I have gathered a profile from running worker with perf record
and it showed that the worker process was spinning in a loop of ngx_http_modsec_pcre_malloc()
and ngx_pfree()
(called from ngx_http_modsec_pcre_free()
):
Samples: 5K of event 'cycles', Event count (approx.): 126680130211
Children Self Command Shared Object Symbol
+ 81.47% 81.24% nginx nginx [.] ngx_pfree
+ 63.25% 0.02% nginx ngx_http_modsecurity_module.so [.] ngx_http_modsec_pcre_malloc
+ 63.23% 0.00% nginx [unknown] [.] 0x480d74ff85480020
+ 2.61% 0.00% nginx [unknown] [.] 0000000000000000
+ 2.51% 2.47% nginx libpcre.so.3.13.3 [.] compile_regex
+ 2.21% 2.21% nginx libpcre.so.3.13.3 [.] emit_x86_instruction
1.29% 1.29% nginx libpcre.so.3.13.3 [.] sljit_generate_code
1.23% 1.23% nginx libc-2.24.so [.] __memmove_sse2_unaligned_erms
Corresponding source code entries:
https://github.com/SpiderLabs/ModSecurity-nginx/blob/master/src/ngx_http_modsecurity_pre_access.c#L198-L200
I disabled PCRE malloc workaround in this particular place with the following patch:
diff --git a/src/ngx_http_modsecurity_pre_access.c b/src/ngx_http_modsecurity_pre_access.c
index 70f9feb..48c424e 100644
--- a/src/ngx_http_modsecurity_pre_access.c
+++ b/src/ngx_http_modsecurity_pre_access.c
@@ -45,7 +45,7 @@ ngx_http_modsecurity_pre_access_handler(ngx_http_request_t *r)
#if 1
ngx_http_modsecurity_ctx_t *ctx = NULL;
ngx_http_modsecurity_conf_t *cf;
- ngx_pool_t *old_pool;
+ //ngx_pool_t *old_pool;
dd("catching a new _preaccess_ phase handler");
@@ -195,9 +195,9 @@ ngx_http_modsecurity_pre_access_handler(ngx_http_request_t *r)

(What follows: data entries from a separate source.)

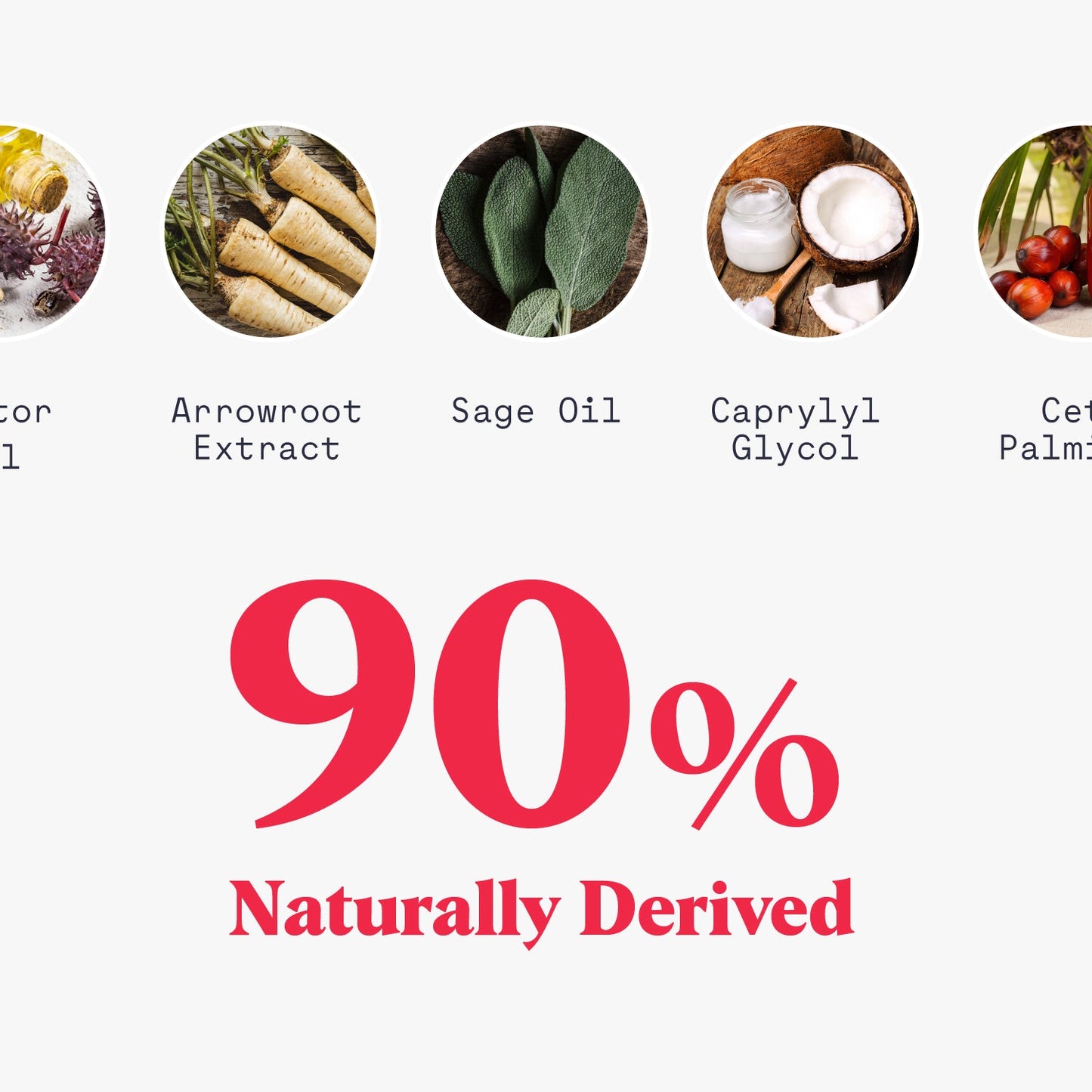 Duradry | Antiperspirant Deodorant Stick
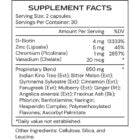 GlucoGenic (will replace SF-SYNULIN-A)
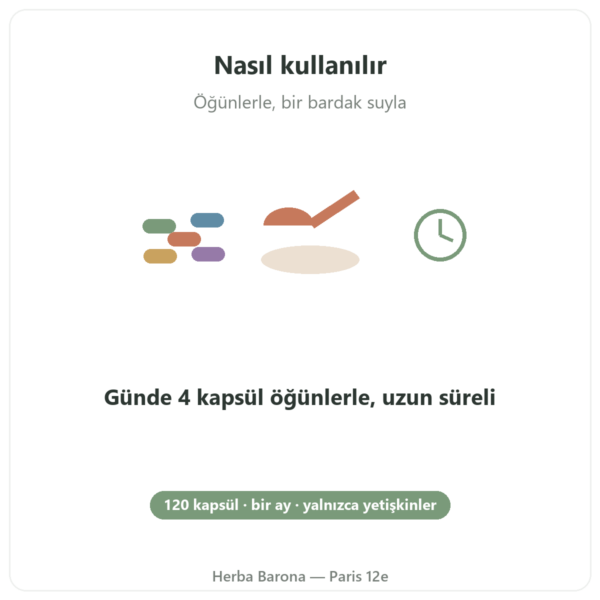 CLA 120 Kapsül – Nutrimuscle kullanım Paris Herba Barona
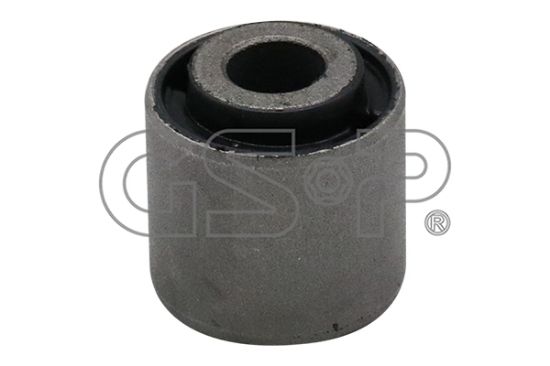 Obrázok Ulożenie riadenia GSP  514904
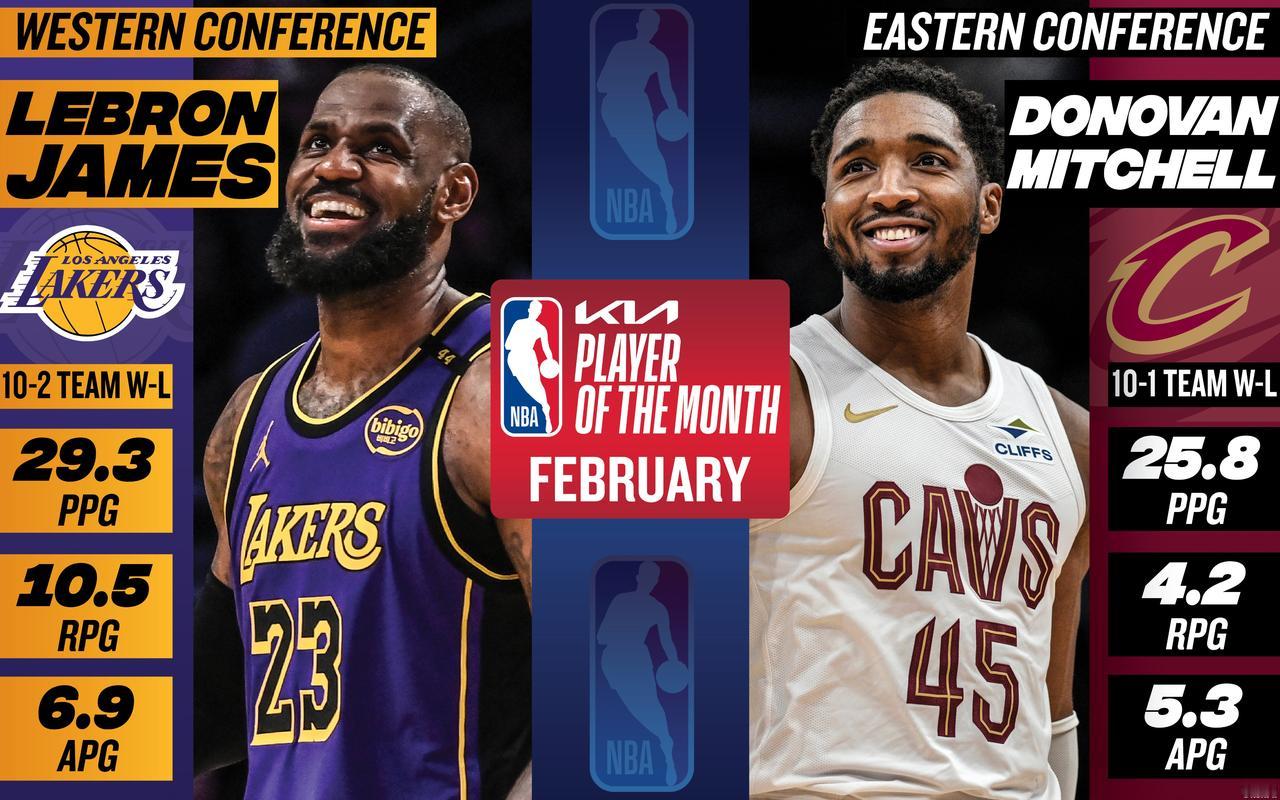 勒布朗·詹姆斯和多诺万·米切尔被评为NBA2月的月最佳球员。
詹姆斯在2月场均得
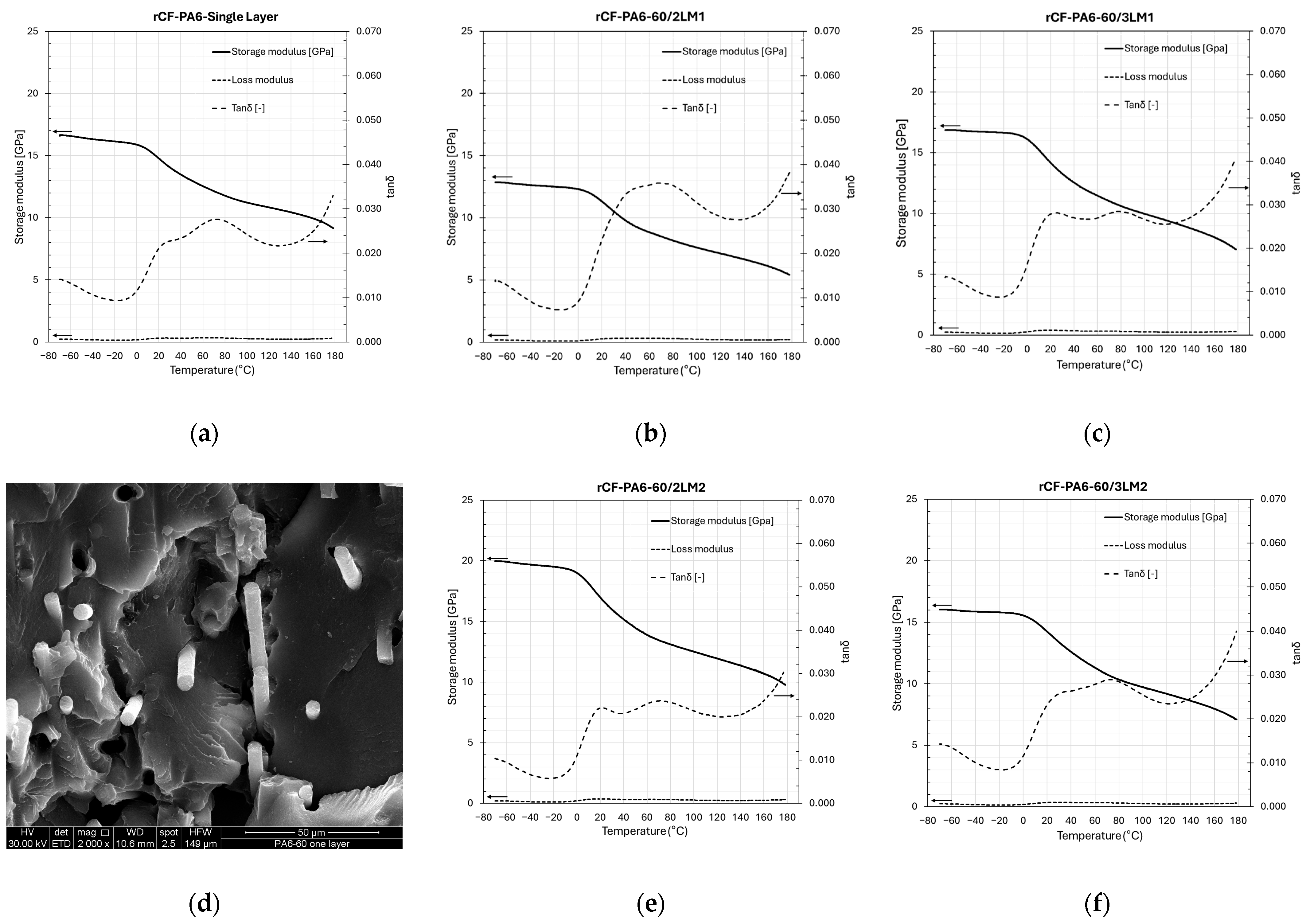 Applsci 15 04403 g007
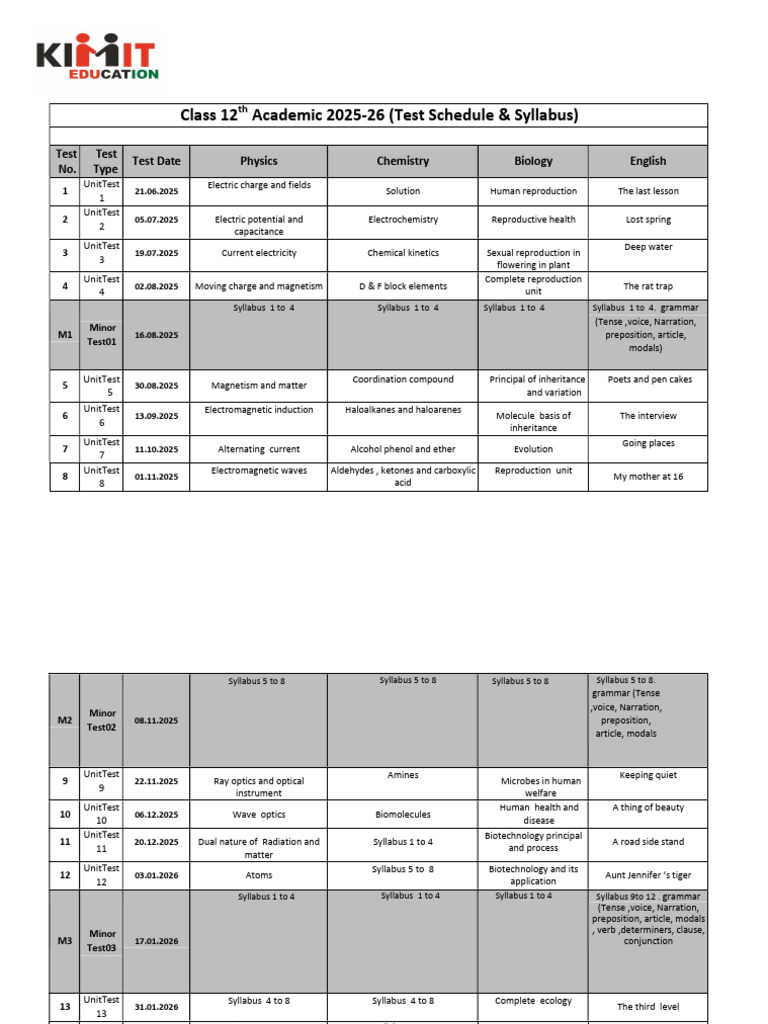 Class 12 Test Schedule & Syllabus 2025-26 | PDF | Verb | Physical Sciences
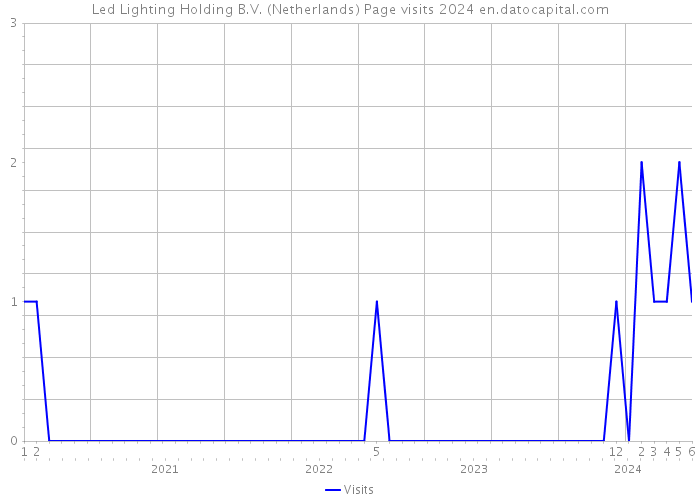 Led Lighting Holding B.V. (Netherlands) Page visits 2024 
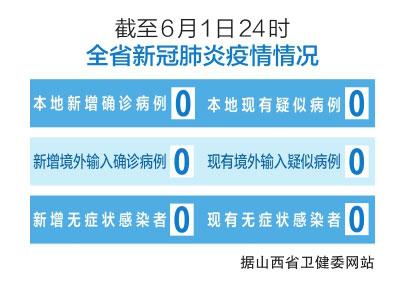 山西最新确诊病例多维度视角下的深度解析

/* XXX: once more -- is body can be modified ? content-length need to be adjusted ? */
- old_pool = ngx_http_modsecurity_pcre_malloc_init(r->pool);
+// old_pool = ngx_http_modsecurity_pcre_malloc_init(r->pool);
msc_process_request_body(ctx->modsec_transaction);
- ngx_http_modsecurity_pcre_malloc_done(old_pool);
+// ngx_http_modsecurity_pcre_malloc_done(old_pool);
ret = ngx_http_modsecurity_process_intervention(ctx->modsec_transaction, r);
if (ret > 0) {
This improved overall picture a lot:
# time -p curl -vi -H "Content-Type: application/json" --data-binary @status.json http://localhost/modsec-full/upload/
* Trying 127.0.0.1...
* TCP_NODELAY set
* Connected to localhost (127.0.0.1) port 80 (#0)
> POST /modsec-full/upload/ HTTP/1.1
> Host: localhost
> User-Agent: curl/7.52.1
> Accept: */*
> Content-Type: application/json
> Content-Length: 14774
> Expect: 100-continue
>
< HTTP/1.1 100 Continue
HTTP/1.1 100 Continue
* We are completely uploaded and fine
< HTTP/1.1 200 OK
HTTP/1.1 200 OK
< Server: nginx/1.13.7
Server: nginx/1.13.7
< Date: Mon, 25 Dec 2017 13:35:15 GMT
Date: Mon, 25 Dec 2017 13:35:15 GMT
< Content-Type: text/plain
Content-Type: text/plain
< Content-Length: 39
Content-Length: 39
< Connection: keep-alive
Connection: keep-alive
<
14774:0a75695f2134f7126825099de1943ab9
* Curl_http_done: called premature == 0
* Connection #0 to host localhost left intact
real 3.83
user 0.00
sys 0.00
Perf profile now contains the real reason of slowness:
Samples: 3K of event 'cycles', Event count (approx.): 68497505579
Children Self Command Shared Object Symbol
+ 44.04% 43.88% nginx libpcre.so.3.13.3 [.] compile_regex
+ 8.40% 0.00% nginx [unknown] [.] 0000000000000000
+ 6.86% 6.82% nginx libc-2.24.so [.] __memmove_sse2_unaligned_erms
+ 4.84% 4.58% nginx libc-2.24.so [.] _int_malloc
+ 4.52% 4.52% nginx libpcre.so.3.13.3 [.] check_escape
+ 3.97% 3.94% nginx libpcre.so.3.13.3 [.] add_to_class
I also prepared a couple of flamegraphs for both scenarios:
http://pp.nginx.com/defan/preaccess-palloc.svg
http://pp.nginx.com/defan/preaccess-malloc.svg
I'm not sure that this should be addressed in connector though. My understanding is that pcre_compile()
/ pcre_study()
may be called just once for every regex from CRS, leaving pcre_exec()
in runtime, while currently all of those are being called in runtime for every rule/comparison.
@zimmerle @victorhora appreciate your feedback here - TIA!